The sudden retreat of the enemy inspired the people with joy as great as their consternation had been at the news of his unexpected advance. Had he pressed on, there is but little doubt that all the Stations would have fallen into his hands, for there were not men enough to spare from them to meet him in the field. The greatest difficulty would have been the carriage of the artillery. The unfortunate people who had fallen into the hands of the Indians at Ruddle’s Station, were obliged to accompany their captors on their rapid retreat, heavily laden with the plunder of their own dwellings. Some returned after peace was made, but too many, sinking under the fatigues of the journey, perished by the tomahawk.
Soon after the retreat of the enemy, General Clark, who was stationed at Fort Jefferson, called upon the Kentuckians to join him in an invasion of the Indian country. The reputation of Clark caused the call to be responded to with great readiness. A thousand men were collected, with whom Clark entered and devastated the enemy’s territory. The principal towns were burned and the fields laid waste. But one skirmish was fought, and that at the Indian village of Pickaway. The loss was the same on both sides, seventeen men being killed in each army. Some writers who have not the slightest objection to war, very gravely express doubts as to whether the expedient of destroying the crops of the Indians was justifiable. It is generally treated by these men as if it was a wanton display of a vindictive spirit, when in reality it was dictated by the soundest policy; for when the Indians’ harvests were destroyed, they were compelled to subsist their families altogether by hunting, and had no leisure for their murderous inroads upon the settlements. This result was plainly seen on this occasion, for it does not appear that the Indians attacked any of the settlements during the remainder of this year.
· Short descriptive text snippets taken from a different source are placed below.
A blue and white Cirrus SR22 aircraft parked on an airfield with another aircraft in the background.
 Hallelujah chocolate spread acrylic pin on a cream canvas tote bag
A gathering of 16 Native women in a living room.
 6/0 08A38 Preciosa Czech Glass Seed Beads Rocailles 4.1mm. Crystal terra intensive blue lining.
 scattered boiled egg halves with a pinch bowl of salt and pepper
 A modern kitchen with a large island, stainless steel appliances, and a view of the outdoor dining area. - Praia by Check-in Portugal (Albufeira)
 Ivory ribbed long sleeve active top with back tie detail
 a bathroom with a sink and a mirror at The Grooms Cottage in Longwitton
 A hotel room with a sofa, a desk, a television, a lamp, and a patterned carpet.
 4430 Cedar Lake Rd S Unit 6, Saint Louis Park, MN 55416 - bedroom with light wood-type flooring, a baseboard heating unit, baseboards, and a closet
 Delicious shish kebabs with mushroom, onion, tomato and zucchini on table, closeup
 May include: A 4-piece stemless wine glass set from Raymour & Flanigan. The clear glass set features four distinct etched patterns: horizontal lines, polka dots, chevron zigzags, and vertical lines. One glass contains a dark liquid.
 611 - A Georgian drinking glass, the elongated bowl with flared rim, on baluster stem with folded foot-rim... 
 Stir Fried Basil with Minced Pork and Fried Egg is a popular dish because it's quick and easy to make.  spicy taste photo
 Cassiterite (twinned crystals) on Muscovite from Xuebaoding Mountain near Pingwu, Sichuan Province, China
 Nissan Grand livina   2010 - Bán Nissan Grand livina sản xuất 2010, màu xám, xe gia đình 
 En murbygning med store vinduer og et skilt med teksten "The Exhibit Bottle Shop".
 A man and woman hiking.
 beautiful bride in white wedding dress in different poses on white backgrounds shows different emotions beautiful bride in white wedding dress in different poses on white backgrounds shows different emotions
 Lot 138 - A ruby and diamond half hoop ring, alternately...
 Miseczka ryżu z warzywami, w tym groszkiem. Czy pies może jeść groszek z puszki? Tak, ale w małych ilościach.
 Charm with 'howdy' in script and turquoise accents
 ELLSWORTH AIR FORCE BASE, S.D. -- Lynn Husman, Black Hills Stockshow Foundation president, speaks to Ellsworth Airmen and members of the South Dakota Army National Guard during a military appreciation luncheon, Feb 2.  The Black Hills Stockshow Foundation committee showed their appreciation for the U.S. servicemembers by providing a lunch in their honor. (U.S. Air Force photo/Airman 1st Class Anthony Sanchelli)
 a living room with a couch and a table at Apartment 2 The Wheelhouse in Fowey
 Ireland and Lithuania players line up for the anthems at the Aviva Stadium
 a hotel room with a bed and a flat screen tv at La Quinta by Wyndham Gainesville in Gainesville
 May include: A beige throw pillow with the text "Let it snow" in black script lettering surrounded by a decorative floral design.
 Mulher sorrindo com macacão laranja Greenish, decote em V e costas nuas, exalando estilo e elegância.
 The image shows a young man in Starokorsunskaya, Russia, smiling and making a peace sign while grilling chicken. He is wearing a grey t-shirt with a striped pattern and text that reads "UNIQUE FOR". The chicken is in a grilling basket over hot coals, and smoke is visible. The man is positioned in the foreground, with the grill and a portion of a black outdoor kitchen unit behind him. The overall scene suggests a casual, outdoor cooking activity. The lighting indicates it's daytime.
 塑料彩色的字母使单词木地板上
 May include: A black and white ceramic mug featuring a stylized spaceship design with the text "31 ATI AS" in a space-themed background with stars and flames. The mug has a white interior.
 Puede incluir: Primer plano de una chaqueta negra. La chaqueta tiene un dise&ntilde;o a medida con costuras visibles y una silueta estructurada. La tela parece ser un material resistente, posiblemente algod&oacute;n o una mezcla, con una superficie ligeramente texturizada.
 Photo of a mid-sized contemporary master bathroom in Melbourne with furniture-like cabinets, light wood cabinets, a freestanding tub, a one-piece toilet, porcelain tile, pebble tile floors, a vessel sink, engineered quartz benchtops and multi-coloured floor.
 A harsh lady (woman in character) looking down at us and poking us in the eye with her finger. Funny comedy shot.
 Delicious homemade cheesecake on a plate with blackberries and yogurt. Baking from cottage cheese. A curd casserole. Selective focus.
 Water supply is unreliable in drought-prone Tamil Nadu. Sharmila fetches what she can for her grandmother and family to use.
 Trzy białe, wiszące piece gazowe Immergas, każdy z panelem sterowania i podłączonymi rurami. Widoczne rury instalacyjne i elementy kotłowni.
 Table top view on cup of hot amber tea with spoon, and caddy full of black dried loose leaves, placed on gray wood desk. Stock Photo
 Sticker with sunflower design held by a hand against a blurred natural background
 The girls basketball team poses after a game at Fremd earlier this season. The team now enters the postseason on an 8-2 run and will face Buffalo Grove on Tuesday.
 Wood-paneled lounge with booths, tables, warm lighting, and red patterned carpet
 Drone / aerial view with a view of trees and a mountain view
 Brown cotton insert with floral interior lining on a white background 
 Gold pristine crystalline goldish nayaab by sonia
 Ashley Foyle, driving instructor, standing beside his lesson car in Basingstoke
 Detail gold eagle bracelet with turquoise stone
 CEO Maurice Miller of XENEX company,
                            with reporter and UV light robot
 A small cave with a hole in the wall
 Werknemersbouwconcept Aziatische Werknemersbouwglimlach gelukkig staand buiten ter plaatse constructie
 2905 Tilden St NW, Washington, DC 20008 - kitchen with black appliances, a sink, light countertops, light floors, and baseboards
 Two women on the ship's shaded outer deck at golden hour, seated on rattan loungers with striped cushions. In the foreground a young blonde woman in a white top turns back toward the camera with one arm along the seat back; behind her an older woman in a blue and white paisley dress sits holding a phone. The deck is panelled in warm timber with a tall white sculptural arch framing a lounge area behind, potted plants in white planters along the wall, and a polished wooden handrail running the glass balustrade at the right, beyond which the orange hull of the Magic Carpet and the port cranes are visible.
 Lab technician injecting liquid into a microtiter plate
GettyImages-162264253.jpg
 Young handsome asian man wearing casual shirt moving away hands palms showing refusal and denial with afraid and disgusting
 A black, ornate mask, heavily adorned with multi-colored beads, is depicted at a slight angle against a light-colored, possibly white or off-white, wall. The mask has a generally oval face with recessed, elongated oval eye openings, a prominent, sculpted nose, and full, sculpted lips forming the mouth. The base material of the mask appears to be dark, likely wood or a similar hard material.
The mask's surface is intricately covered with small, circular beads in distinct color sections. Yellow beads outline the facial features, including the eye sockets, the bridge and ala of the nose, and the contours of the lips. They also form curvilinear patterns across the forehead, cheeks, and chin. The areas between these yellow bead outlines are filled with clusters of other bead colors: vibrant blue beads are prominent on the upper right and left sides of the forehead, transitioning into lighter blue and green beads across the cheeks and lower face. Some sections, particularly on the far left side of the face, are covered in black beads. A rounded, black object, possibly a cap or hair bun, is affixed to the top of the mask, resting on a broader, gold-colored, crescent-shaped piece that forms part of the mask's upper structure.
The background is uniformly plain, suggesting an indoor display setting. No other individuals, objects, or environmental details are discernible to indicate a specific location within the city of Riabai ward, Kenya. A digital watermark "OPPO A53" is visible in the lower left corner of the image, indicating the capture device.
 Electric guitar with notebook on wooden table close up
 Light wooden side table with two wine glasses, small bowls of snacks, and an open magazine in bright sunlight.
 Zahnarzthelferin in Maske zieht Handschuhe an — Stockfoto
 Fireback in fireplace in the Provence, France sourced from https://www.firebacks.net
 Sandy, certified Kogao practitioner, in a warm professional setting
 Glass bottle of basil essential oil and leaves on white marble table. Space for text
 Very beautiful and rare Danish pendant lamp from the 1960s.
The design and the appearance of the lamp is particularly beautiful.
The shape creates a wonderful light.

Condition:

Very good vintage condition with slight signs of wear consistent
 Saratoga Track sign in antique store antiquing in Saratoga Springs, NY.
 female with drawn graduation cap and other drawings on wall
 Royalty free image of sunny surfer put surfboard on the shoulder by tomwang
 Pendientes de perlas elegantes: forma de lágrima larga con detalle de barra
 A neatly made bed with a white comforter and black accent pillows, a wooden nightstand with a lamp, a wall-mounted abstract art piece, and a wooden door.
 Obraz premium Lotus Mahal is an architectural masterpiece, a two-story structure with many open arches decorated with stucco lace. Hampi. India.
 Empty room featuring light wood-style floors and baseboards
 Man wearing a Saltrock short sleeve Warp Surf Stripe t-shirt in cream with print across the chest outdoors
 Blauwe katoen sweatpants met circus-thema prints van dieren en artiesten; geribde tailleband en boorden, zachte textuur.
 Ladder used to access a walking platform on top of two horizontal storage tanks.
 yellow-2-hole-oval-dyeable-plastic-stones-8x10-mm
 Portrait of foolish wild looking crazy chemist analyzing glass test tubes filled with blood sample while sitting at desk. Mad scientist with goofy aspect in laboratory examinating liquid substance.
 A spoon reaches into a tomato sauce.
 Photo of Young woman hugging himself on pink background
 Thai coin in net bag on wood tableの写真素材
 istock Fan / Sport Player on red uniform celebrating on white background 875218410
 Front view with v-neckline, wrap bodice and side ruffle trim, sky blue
An adventure which occurred in the spring, but was passed over for the more important operations of the campaign, claims our attention, presenting as it does a picture of the varieties of this mode of warfare. We quote from McClung:
“Early in the spring of 1780 Mr. Alexander McConnel, of Lexington, Kentucky, went into the woods on foot to hunt deer. He soon killed a large buck, and returned home for a horse in order to bring it in. During his absence a party of five Indians, on one of their usual skulking expeditions, accidentally stumbled on the body of the deer, and perceiving that it had been recently killed, they naturally supposed that the hunter would speedily return to secure the flesh. Three of them, therefore, took their stations within close rifle-shot of the deer, while the other two followed the trail of the hunter, and waylaid the path by which he was expected to return. McConnel, expecting no danger, rode carelessly along the path, which the two scouts were watching, until he had come within view of the deer, when he was fired upon by the whole party, and his horse killed. While laboring to extricate himself from the dying animal, he was seized by his enemies, instantly overpowered, and borne off as a prisoner.